Segment Open

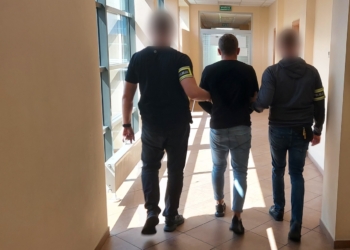 Tomaszów Maz.: Napadł na ekspedientkę i ukradł 1000 zł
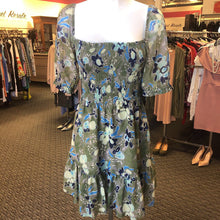 Load image into Gallery viewer, Wilfred smocked floral dress L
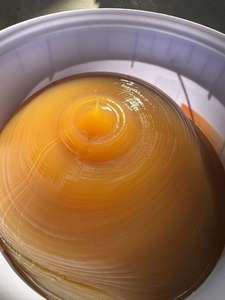 Глянцевая желтая высокотемпературная смазка для автомобилей с низким уровнем шума, снижающая трение в высокоскоростных шпинделях - Product Image 6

Segment Closed

Leave out the pictures and set down all of the data exactly.

# Expected answer:
 Tomaszów Maz.: Napadł na ekspedientkę i ukradł 1000 zł
 Load image into Gallery viewer, Wilfred smocked floral dress L
 Глянцевая желтая высокотемпературная смазка для автомобилей с низким уровнем шума, снижающая трение в высокоскоростных шпинделях - Product Image 6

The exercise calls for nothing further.